Ähnlichkeit zur Beurteilung von Prüfungsleistungen

Eine gewisse Ähnlichkeit ist festzustellen zwischen der Beurteilung der erfinderischen Tätigkeit und Verfahren zur Bewertung von Prüfungsleistungen mithilfe des Maßstabs von durchschnittlich vorausgesetzten Kenntnissen und Fähgikeiten. Bezüglich der Bewertung von Prüfungsleistungen besteht jedoch der praktische Vorteil, dass dort die Messung anhand eines vorbekannten, für zahlreiche Leistungen einheitlich geltenden, Idealmusters durchgeführt werden kann. Diesem Idealmuster soll der zur Beurteilung vorliegende Gegenstand möglichst nahekommen. Bei der Überprüfung einer Erfindung hinsichtlich ihres Beruhens auf erfinderischer Tätigkeit ist allerdings nur dasjenige vorbekannt, wovon die Erfindung jedenfalls gerade abweichen muss. Entscheidend für die Möglichkeit eines Schutzes ist dann die Erheblichkeit der Abweichung. Die Festlegung einer Zielmarke, die es zu erreichen oder zu überschreiten gilt, ist nicht möglich. Dies ist dem Umstand geschuldet, dass die möglichen Abweichungen einfach zu vielgestaltig sind. Das Werturteil darüber, ob sich eine Erfindung für den Fachmann in naheliegender Weise aus dem Stand der Technik ergibt, hat mehrere Bezugspunkte.

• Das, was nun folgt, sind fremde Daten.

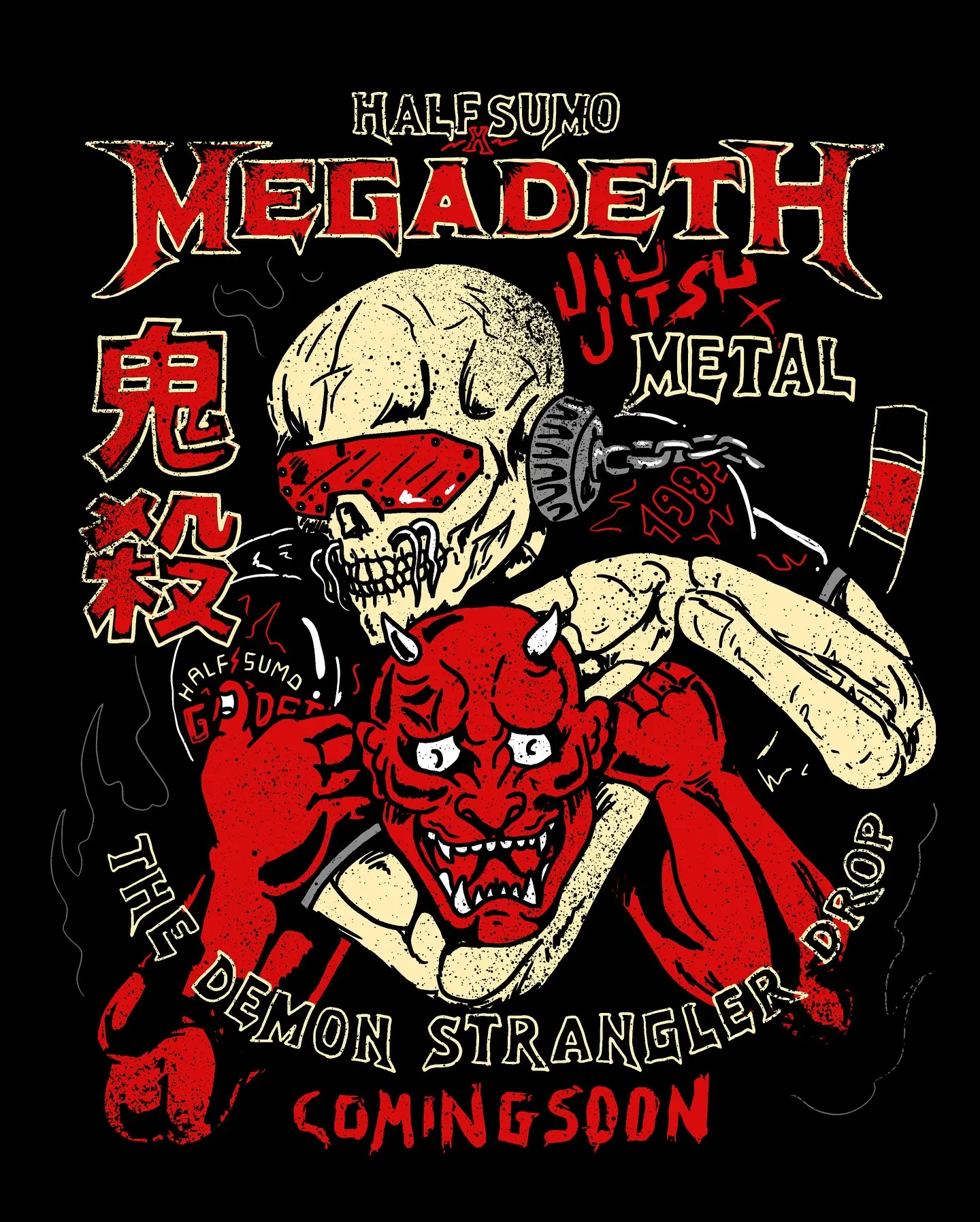 Megadeth x HALF SUMO Poster No Frame | Jiu Jitsu × Metal Collab Art | Discipline Meets Rebellion | Limited Edition Wall Decor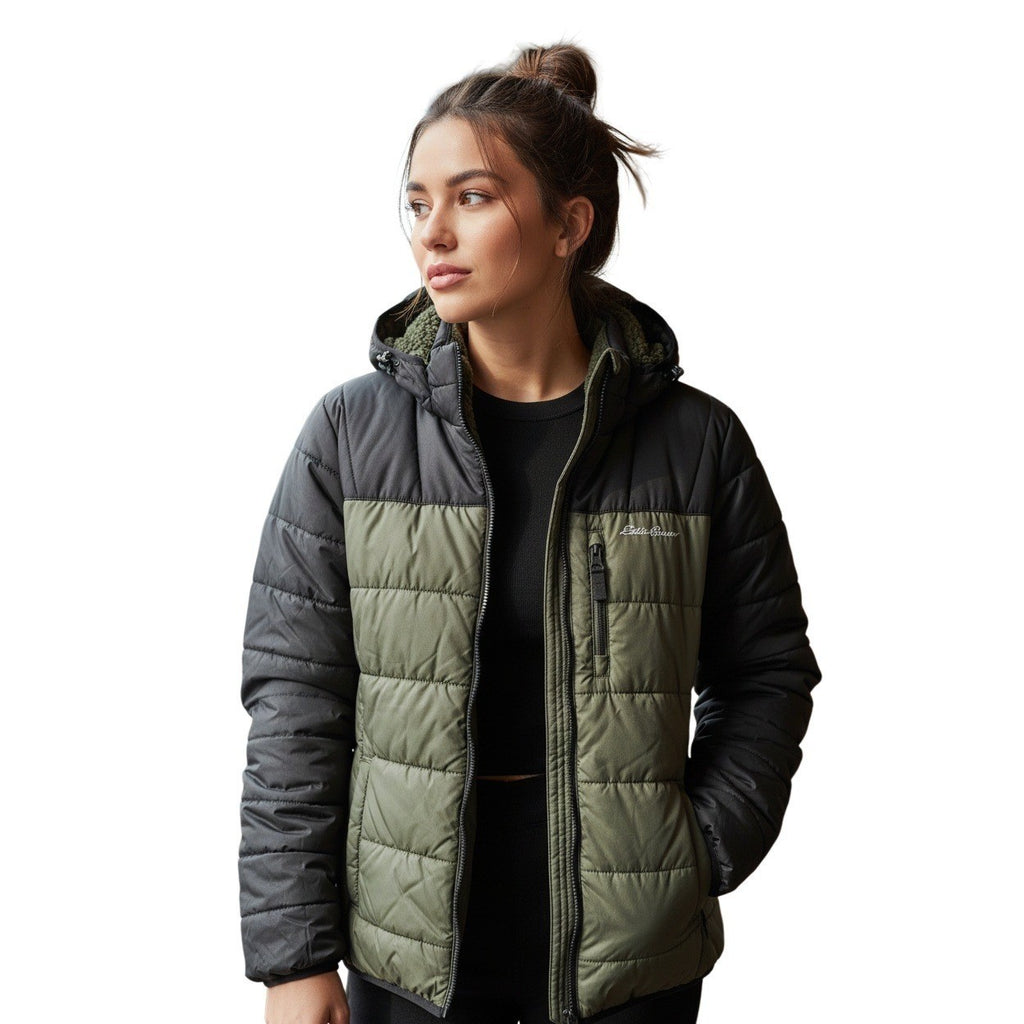 Eddie Bauer Reversible Camo Puffer Jacket Fleece Hooded Black Green Women's S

Zum einen bezieht es sich auf diejenigen Schwierigkeiten, die dem Zustandekommen der Erfindung entgegenstanden. Hierbei hat eine objektive Betrachtung zu erfolgen. Zum andern bezieht es sich aber auch mittelbar auf die Schutzwürdigkeit der Erfindung. Diese Bezugnahme erfolgt unter dem Aspekt eines gerechten Ausgleichs der Freihaltungs- und Belohnungsinteressen und eines zweckmäßigen Einsatzes der Anspornungswirkung des Patentschutzes. Die rechtlich relevanten Werte sind im Rahmen der zweiten Bezugnahme zu finden. Das Erfordernis, dass sich die Erfindung nicht in naheliegender Weise für einen Fachmann aus dem Stand der Technik ergeben darf, ist keine Wertung für sich. Vielmehr ist es ein reiner Hilfsbegriff. Die bei seiner Handhabung angemessenen Anforderungen richten sich nach denjenigen Wertungen, die der Patentrechtsordnung zugrundeliegen. Das Werturteil bedarf zudem einer tatsächlichen Grundlage. Zu dieser tatsächlichen Grundlage zählen die Erfindung, der Stand der Technik sowie die Umstände, nach denen zu beurteilen ist, welche Kenntnisse und Fähigkeiten dem zuständigen Fachmann zuzusprechen sind.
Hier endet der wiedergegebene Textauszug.